In some cases, this can be viewed as being beneficial to the employee.
For example: a person who is new to Japan (who can neither speak nor write Japanese) may find that having someone to help them with opening a new bank account is of tremendous help.
However, what about people who can open an account without assistance, who may not wish to use the specific bank that their company is instructing them to use?
What about people who have been in Japan for a while, and already have an existing bank account?
Can their company order them to open a new bank account?
CAN A COMPANY ORDER YOU TO OPEN A NEW ACCOUNT?

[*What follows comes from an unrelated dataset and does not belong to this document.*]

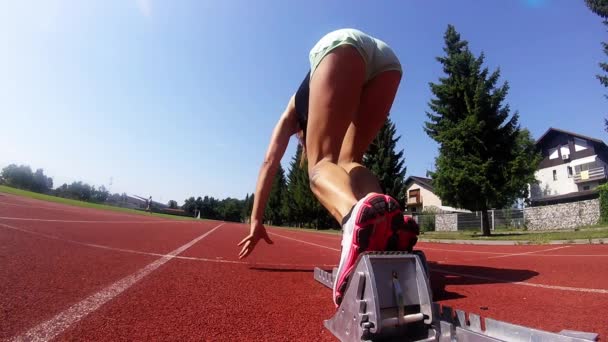 Mujer velocista iniciando un tablero de 100m de los bloques del velocista. Super slow motion - Imágenes, Vídeo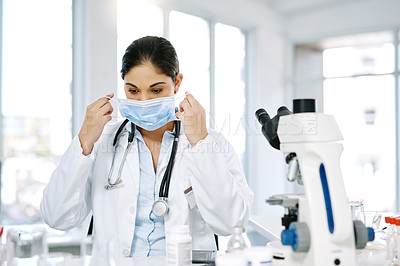 Buy stock photo Woman, doctor and mask with microscope for forensic, science or medical discovery at laboratory. Female person, biologist or scientist with protection for chemical, virus or health and safety at lab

In short, no, they cannot.
The law is clear: while a company may insist that an employee open a new bank account with a bank of the company’s choosing, this is neither required nor actually allowed.
An individual has the right to decide which account their salary will be paid into.

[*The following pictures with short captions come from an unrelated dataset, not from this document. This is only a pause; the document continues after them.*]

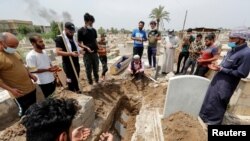 Mourners pray during the burial of a man, who was killed in a fire at a hospital that had been equipped to house coronavirus disease (COVID-19) patients, at a cemetery in Baghdad, Iraq, Apr. 25, 2021. 
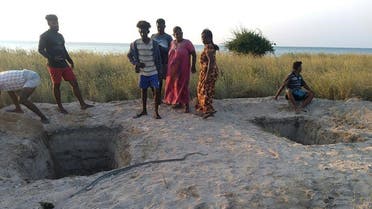 Local residents stand next to graves dug by the authorities to bury coronavirus victims after the government announced reversing its policy of forced cremations, at the islet of Iranaitivu off Sri Lanka's northern province, March 2, 2021. (AFP)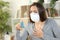 Woman with coronavirus symptoms holding inhaler at home
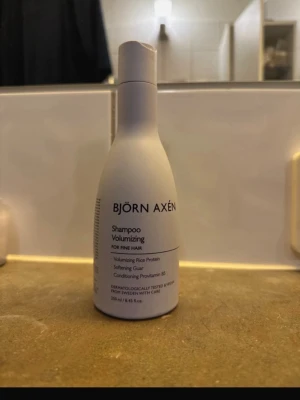 Björn Axén Volumizing Shampoo - Volymgivande schampo från Björn Axén för fint hår. Innehåller risprotein, mjukgörande socker och provitamin B5. Flaskan är vit med svart text och rymmer 250 ml. Perfekt för dig som vill ha mer fyllighet i håret.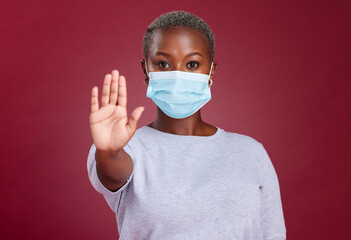 Covid, stop and healthcare with hands of black woman for safety, healthcare and global pandemic. Warning, caution and risk sign with portrait of girl for attention to virus, danger and sick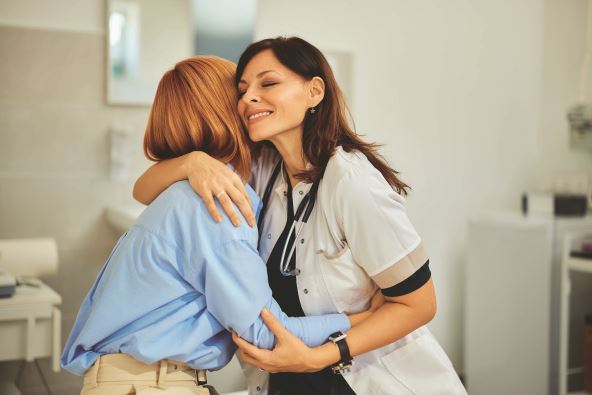 stockphotoafemaledoctorsmilingandhuggingafemalepatientsittingatthedoctorsoffice2381659987.jpg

ARTICLE 24 of the LABOR STANDARDS ACT states:
“Wages shall be paid in currency and in full directly to the workers…”
This secures the right for the employee to be paid DIRECTLY for work provided. It does not dictate HOW, only that it MUST be paid. It is simple and clear: work MUST be paid for.
HOW IS THAT PAYMENT MADE?
On the subject of how payment is to be made, ARTICLE 7-2 (METHODS OF WAGE PAYMENT) of the ORDINANCE FOR ENFORCEMENT OF THE LABOR STANDARDS ACT states:
“(1) With the worker’s consent, an employer may pay a worker’s wage by any of the following methods:
i. By transfer into the worker’s account at a bank or other financial institution designated by the worker.”
The key phrase here is “designated by the worker” – not by a company or an employee. You have the right to tell them where you want your salary to be paid – they don’t have the right to tell you.
WHAT CAN YOU DO IF YOUR EMPLOYER IS MAKING DEMANDS?
So, what can you do if your company is insisting, under no uncertain terms, that you absolutely have to open an account with a bank of their choosing – or ELSE?
In this situation, while the law IS clear, discretion is the better part of valor.
The General Union does not recommend immediately standing up for your rights if you are in the situation described above.
As companies have a legal right to fire you within the first fourteen (14) days of employment without having to give a reason, rocking the proverbial boat over a banking issue might just be the excuse that they need to cut you loose and save themselves the trouble of dealing with you and your pesky “rights”.
Therefore, if this is an issue that is affecting you, we suggest waiting until you at least receive your first salary, and then asking the union to address the issue and negotiate with your company on your behalf.